**Assignment**
Leave out the pictures and repeat exactly the lines from the one containing "巴蜀水煮泥鳅的做法步骤6" through the final line of the listing below.

**Listed entries**
►
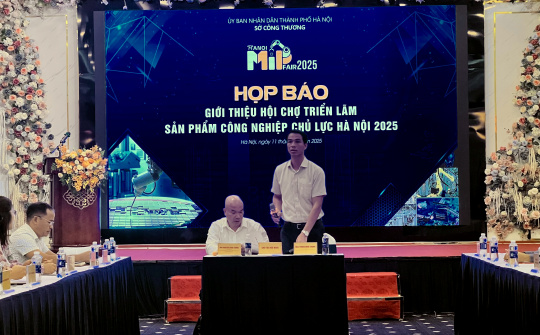 Hà Nội tổ chức Nhà cái cá cược cá độ uy tín Nổ hũ, Bắn Cá và Game Bài Cwin.com triển lãm sản phẩm Cwin là sân chơi cá cược trực tuyến tại Việt Nam chủ lực 2025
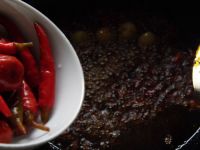 巴蜀水煮泥鳅的做法步骤6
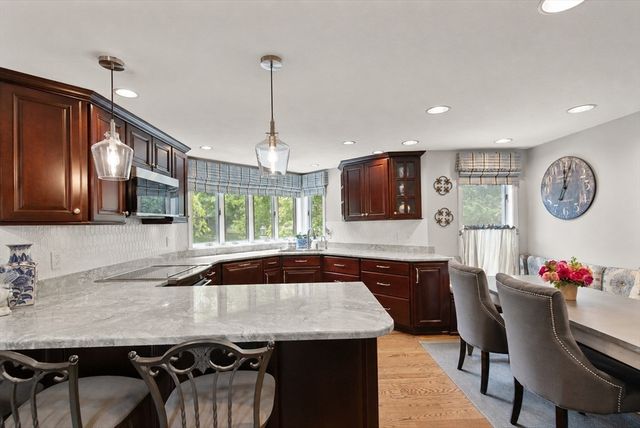 9 Perkins Lane, Lynnfield, MA 01940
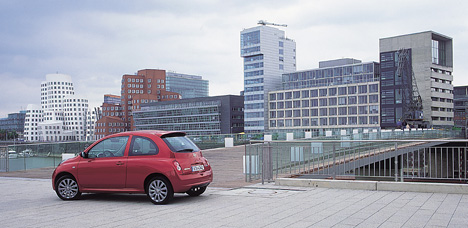 Nissan Micra - im Düsseldorfer Medienhafen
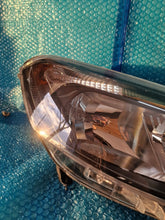 Load image into Gallery viewer, Frontscheinwerfer Ford Transit Courier JT76-13W029-CD Rechts Headlight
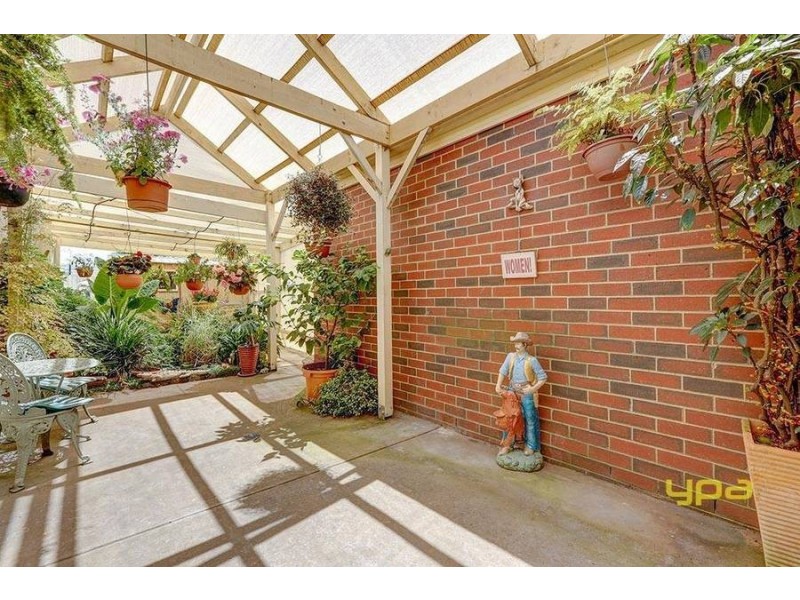 2/6 Timele Drive, Hillside VIC 3037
◄
**Exercise result**
 巴蜀水煮泥鳅的做法步骤6
 9 Perkins Lane, Lynnfield, MA 01940
 Nissan Micra - im Düsseldorfer Medienhafen
 Load image into Gallery viewer, Frontscheinwerfer Ford Transit Courier JT76-13W029-CD Rechts Headlight
 2/6 Timele Drive, Hillside VIC 3037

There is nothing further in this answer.